Case Study: Cross Country Equestrian Event
A very busy event where we really do need our work flow to be at 100 mph!! 600 riders, 4 photographers shooting 4 different jumps, 6000+ images, all in a day’s work!!!
This is where we make use of the ‘Smart Folders’ in Aperture 2. One Smart folder is created for each photographer, the criteria usually used is the photographer’s name as a keyword. Upon receiving the CF from say Photographer 1, this is entered as a keyword and all images from that CF card are imported. These images will automatically show in the Smart Folder named ‘Photographer 1’. Now to make contact sheets of all the images as small thumb nails so clients can see their images and select the ones they like.
All the images are selected and then to print preset of ‘9-up Contact Sheet’. This will print 9 images on a 9×6″ printer.

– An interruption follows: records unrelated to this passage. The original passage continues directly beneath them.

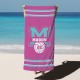 Custom Volleyball Team Towel, Personalized Team Gift, Graduation Gift, Sport Beach Towel, Custom Pool Towel, Birthday Gift, Vacation Gift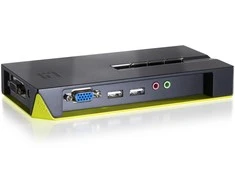 Level One Lenovo LevelOne KVM-0421 KVM jungiklis juodas, žalias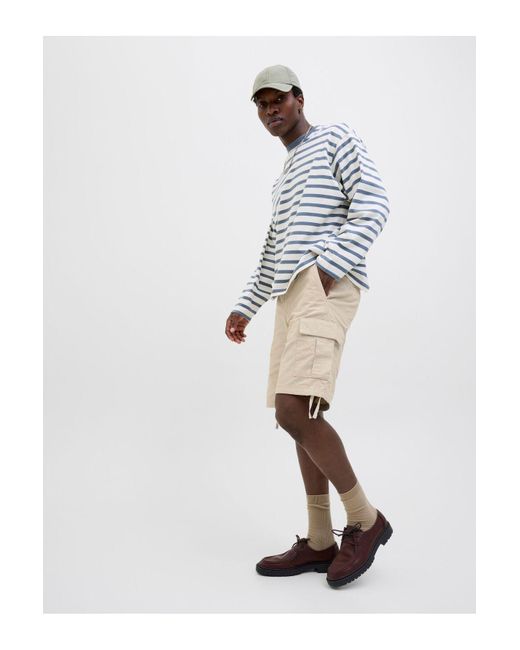 Jack & Jones Cargo-Shorts Mit Normaler Passform Für Herren in Natural für Herren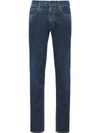 Prada Jeans Mit Geradem Bein In Blue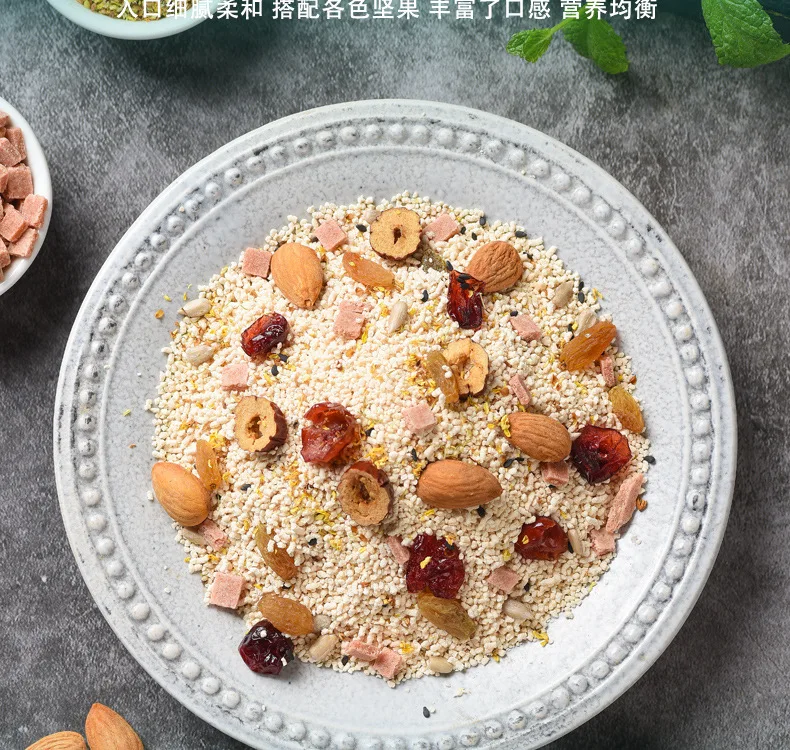Spot Chia seeds fruit lotus root powder soup fruit lotus root powder fruit nuts lotus root powder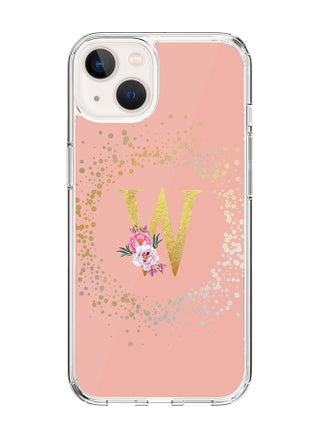 Classic Clear Case For iPhone 14 Plus, Hybrid Soft Case Thin Cover- Custom Monogram Initial Letter Floral Pattern Alphabet - W(Rose Pink) - pzsku/ZBDBC1054C39DE1B9C45EZ/45/_/1704350606/47937b94-7fa1-4017-9aa8-6a49e27e7b29
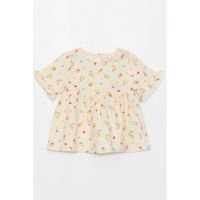 Bluza cu imprimeu grafic si maneci scurte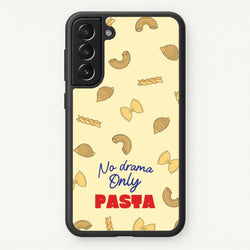 No Drama, Only Pasta  - Food Patterns Phone Case for Galaxy S22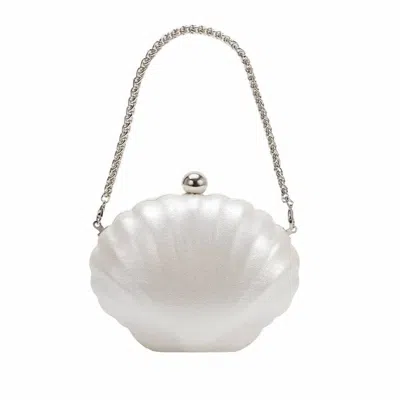 Melie Bianco Women's Venus Handbag Clutch In Pearl In White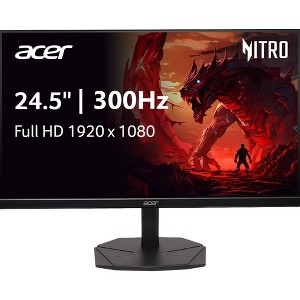 Acer KG251Q 24 1/2 inch Nitro KG1 Full HD 300Hz Gaming Monitor with AMD FreeSync - 1 of 4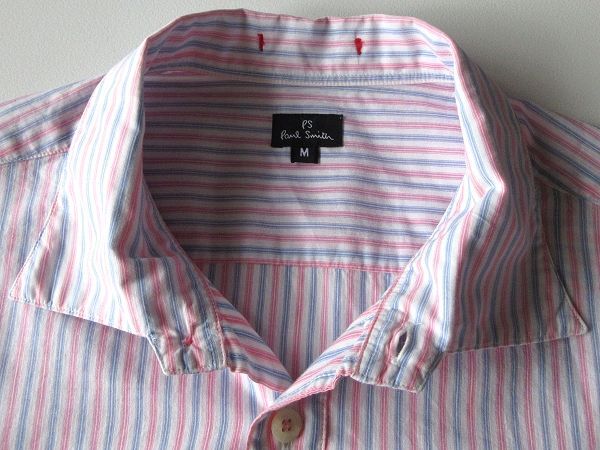 00sアーカイブ PS Paul Smith ポールスミス 半袖 コットンリネン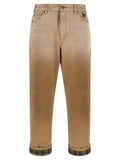 Golden Goose Journey Russell Trousers With Check Lapels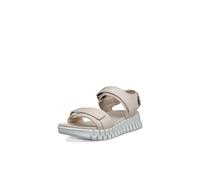 ECCO Sandale Gruuv Sol Lea (Premium-Leder) beige/weiss Damen, Größe Euro (US) 43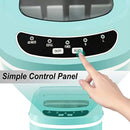 ice cube maker machine with 26lbs daily capacity, 9 ice cubes ready in 8 minutes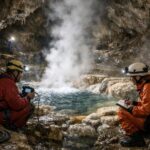 À 320 mètres sous le sol corse les géologues mettent au jour une cavité hydrothermale active depuis plus de 100000 ans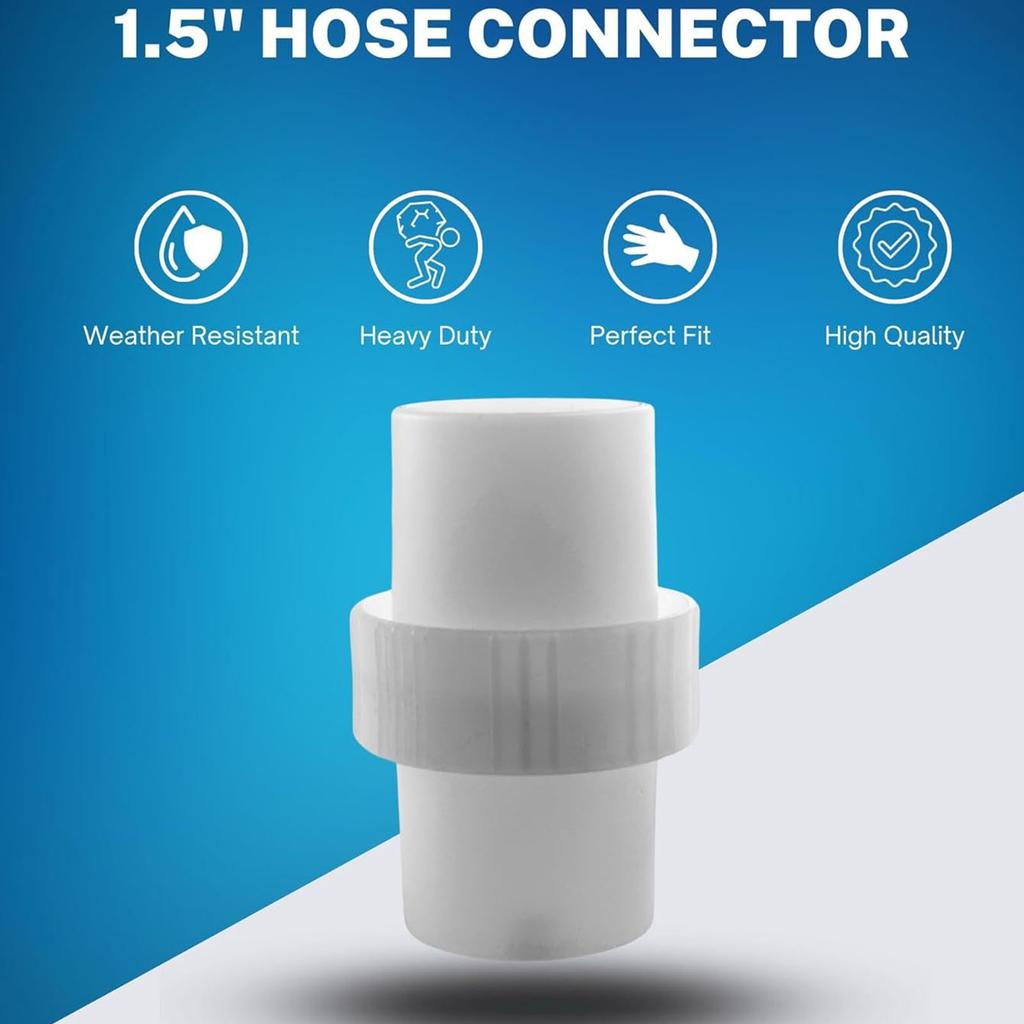 Multifuntional Pool Vacuum Hose Adapter Pool Hose Connector Plastic Texture Suitable for Plastic Pool Equipment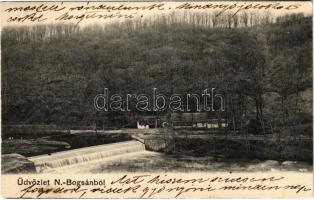 1904 Boksánbánya, Németbogsán, Deutsch-Bogsan, Bocsa Montana; gát / dam
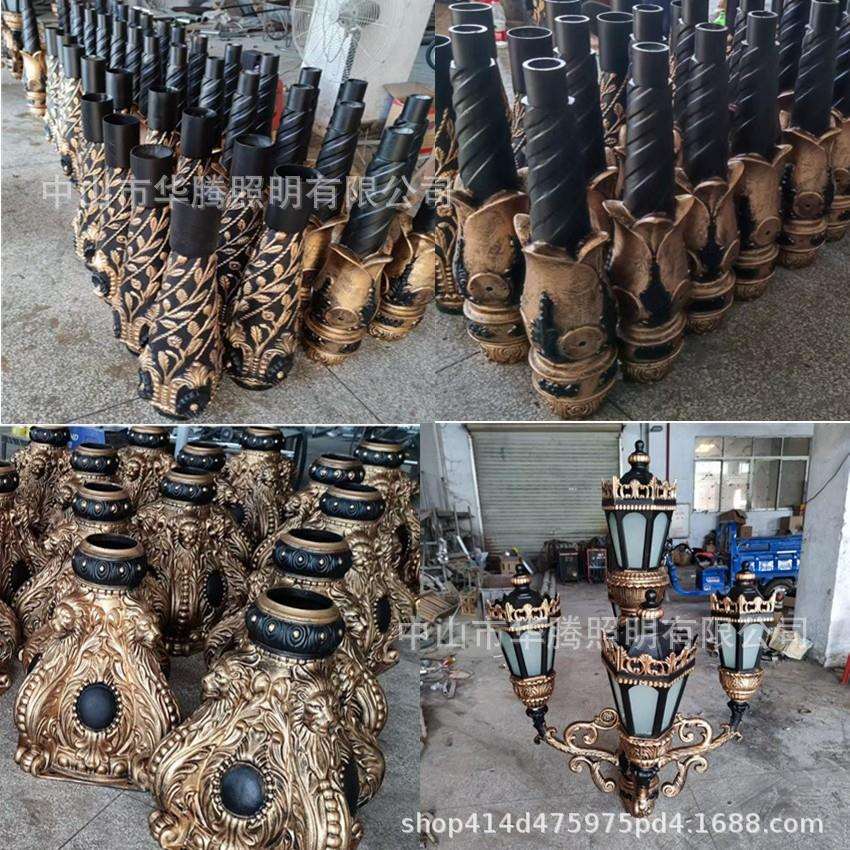 铸铸庭院铝灯欧式别墅小吉祥之狮铁区庭路灯景观灯户外灯院景观装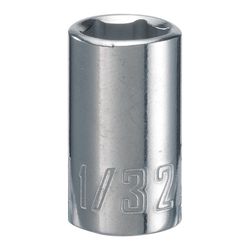 Craftsman 11/32 in. S X 1/4 in. drive S SAE 6 Point Standard Shallow Socket 1 pc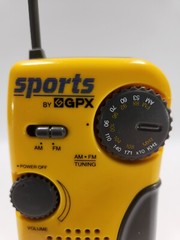 Vintage Sports Gran Prix By GPX Portable Pocket AM/FM Radio / Model A2095 / EUC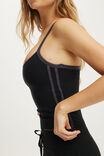 Ultra Soft Contrast T-Bar Tank, BLACK/GRAPHITE - example image 2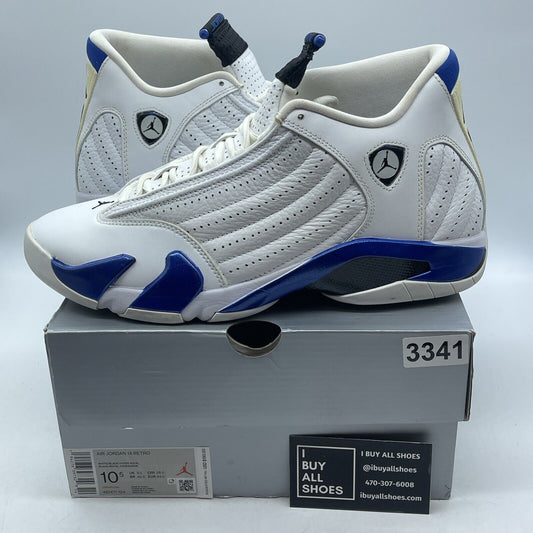 Size 10.5 - Air Jordan 14 Retro Hyper Royal Blue White Black (487471-104)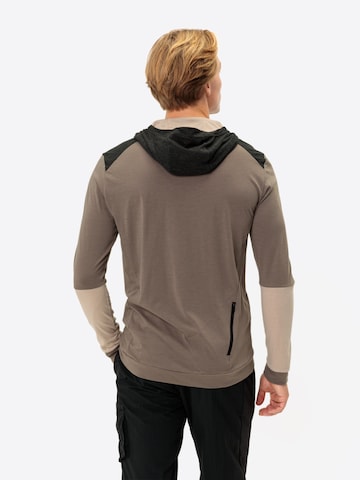 VAUDE Sportsweatshirt 'Qimsa' in Bruin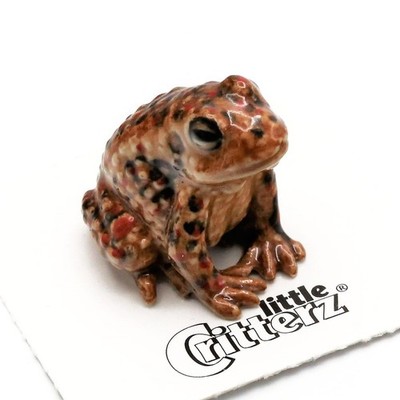 Little Critterz - Toad American Toad ''Bufo'' - Miniature Porcelain Figurine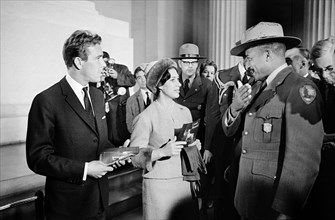 Princess Margaret and Antony Armstrong-Jones, 1st Earl of Snowdon, visiting Lincoln Memorial,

Once the printing is done, press ‘1’ with all the images selected, this will rate all these selected images as ‘1’ star. Now the next CF card comes from the same photographer, the images are imported with the keyword ‘Photographer 1’ and they all go into the Smart folder of Photographer 1. Only the new images need to be printed as contact sheets, so a quick search of ‘unrated’ images is done, this shows up only those which are not rated ‘1’ and are unrated. All these images are selected, printed and then rated as ‘1’. The same is applied to all the other photographers. A very sophisticated work flow with a simple solution.
In my opinion, I don’t think there is any other professional work flow application which offers such ease for managing, editing, sorting, previewing and outputting in a very user-friendly interface. There are loads and loads of other powerful features which I have not even discussed but are there in Aperture 3 to make our workflow a lot more easier.
Indoor Sporting Events
With most indoor sporting arenas (not at international level), the lighting is not ideal and in many cases not sufficient. Tungsten lighting is usually used at these arenas which gives a very ‘orangey’ cast to the images. Once all the images are shot and imported into Aperture 2, we correct one of the image, lift the settings from it and can apply to either dozens or even hundreds of images at the same time with the ‘Lift’ and ‘Stamp’ tool saving invaluable time and no need to correct each and every image individually.
Aperture 3 only works on a Mac, so if your are on a PC, what other alternatives you may have. The first product which comes to mind is Lightroom by Adobe, but you don’t have the video editing feature on it currently. The other obvious comparision is to Photoshop, but Aperture is not meant to complete with something like Photoshop. Aperture can work alongside Photoshop’s PSD files but it will not work with individual layers. Photoshop is more of a creation tool and Aperture is ideal for workflow and is a digital darkroom on a Mac. Most professional photographers will use both Photoshop & Aperture 3.